Misalnya, jika harga naik secara signifikan di McDonald’s, Eugene Santos, 23 tahun, mengatakan dia mungkin akan mencari tempat makan lain.
“Itu mungkin salah satu alasan mengapa hal ini dihentikan dengan cepat bagi banyak orang. Mereka menikmati kemudahan dan keterjangkauan,” kata Santos, seorang wiraswasta warga Providence, Rhode Island, yang baru-baru ini makan di McDonald’s.
Para pekerja juga ikut menyalahkan diri mereka sendiri.
Lemahnya pasar tenaga kerja membuat kekuasaan lebih berpihak pada pemberi kerja, yang dapat dengan mudah menemukan pengganti yang bersedia bekerja dengan upah rendah. Artinya, kemampuan menyelenggarakan demonstrasi yang menarik perhatian masyarakat sangatlah penting.
Namun mengorganisir pekerja sangatlah sulit di industri makanan cepat saji, mengingat tingginya tingkat pergantian pekerja dan banyaknya pekerja muda yang memandang pekerjaan tersebut sebagai pekerjaan sementara.
Bayangkan serangkaian protes selama beberapa bulan terakhir yang dimulai di New York pada bulan November lalu. Meskipun perhatian media meluas, jumlah pemilih yang berpartisipasi beragam dan tidak jelas apa dampaknya, jika ada, terhadap bisnis.
Ketika protes di St. Louis tiba, penyelenggara Fr. Martin Rafanan misalnya, mengatakan sekitar 100 pekerja dan pendukungnya melakukan aksi protes di sekitar 30 lokasi. Artinya, penyebarannya relatif sedikit, dan akibatnya tidak ada toko yang tutup.
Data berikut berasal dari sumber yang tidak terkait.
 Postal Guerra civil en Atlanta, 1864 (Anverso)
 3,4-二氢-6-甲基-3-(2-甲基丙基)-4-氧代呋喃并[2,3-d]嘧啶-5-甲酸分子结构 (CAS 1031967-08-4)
Ada dukungan yang lebih besar di kota-kota lain, termasuk Seattle, di mana protes akhirnya menutup sementara Burger King dan toko lainnya, menurut laporan lokal.
Namun bahkan di New York City, dimana aksi protes memiliki jumlah peserta terbanyak, hal ini tidak serta merta menghasilkan kesadaran yang lebih luas di kalangan pelanggan. Misalnya, tak lama setelah sekitar 400 pengunjuk rasa menargetkan McDonald’s di Empire State Building minggu lalu, bisnis tampak normal dan beberapa pelanggan di dalamnya mengatakan mereka tidak mengetahui adanya protes tersebut. Hal yang sama juga terjadi di McDonald’s yang berjarak beberapa blok jauhnya.
Garrett Mattson, 24 tahun dari Warren, Rhode Island, mulai bekerja di McDonald’s ketika dia masih kuliah dan melanjutkannya setelah lulus karena dia tidak dapat menemukan pekerjaan lain. Dia mendapat penghasilan $7,75 per jam.
Dia mengatakan kemungkinan besar dia akan mendukung upaya kenaikan gaji jika hal itu dilakukan di restoran tempat dia bekerja. Namun meskipun pekerjaan itu penting baginya saat ini, dia tidak melihatnya sebagai jalur karier.
“Saya tidak melihat diri saya berada di sana ketika saya berusia 30 tahun,” katanya.